This proved to be far more challenging than more recent arrivals to Myanmar might imagine: As our plucky reporter wrote at the time, “Seems like every time I order a hamburger here, there’s something a little weird about it.”

This proved to be the understatement of the five-decade junta era, as our expert investigative journalist encountered such oddities as cheeseburgers with cheese but no meat, burgers whose patties were so small that “the meat seem[ed] to be a condiment to accompany mayonnaise and tomato sauce”, and even one abomination with no bun at all, requiring the use of a knife and fork.

Oh, how things have changed. In the past five years, Yangon has seen an influx of restaurants offering proper American-style burgers boasting elements previously scarce in Yangon, such as thick, juicy patties made from freshly ground imported beef; high-quality cheese; grilled or toasted buns; and toppings carefully chosen to complement, rather than antagonize, one another.
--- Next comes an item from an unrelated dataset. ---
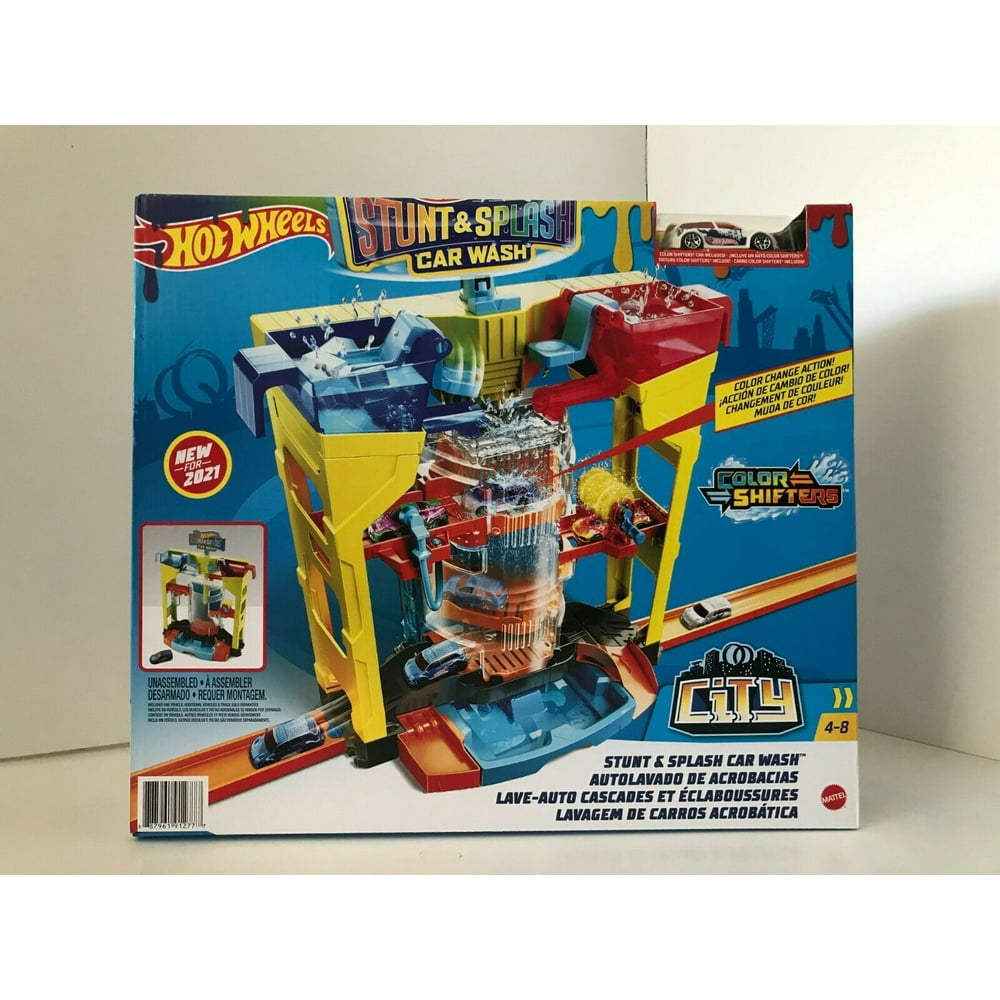 Hot Wheels Stunt&Splash Car Wash Color Shifters Car Included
In the midst of this burgeoning cornucopia of classic burgerdom, we at Weekend reckoned it was high time to resurvey the beef-patty-between-two-buns landscape in Yangon. The following is not intended as a definitive list of the nine greatest hamburgers in Yangon, but rather as a starting point: a guide to some of the better places in town to get your burger fix.

50th Street

50th Street Café Restaurant & Bar

Times have changed since we last rated Yangon’s best burgers – the country has gone through two changes in government and one in name, SIM cards can be procured for $1, and 50th Street is no longer the only oasis for wandering expats seeking a reminder of home. That said, the downtown institution’s burger (K11,500) is still one of the best and most reliable in town, and there’s good reason it’s stood the test of time.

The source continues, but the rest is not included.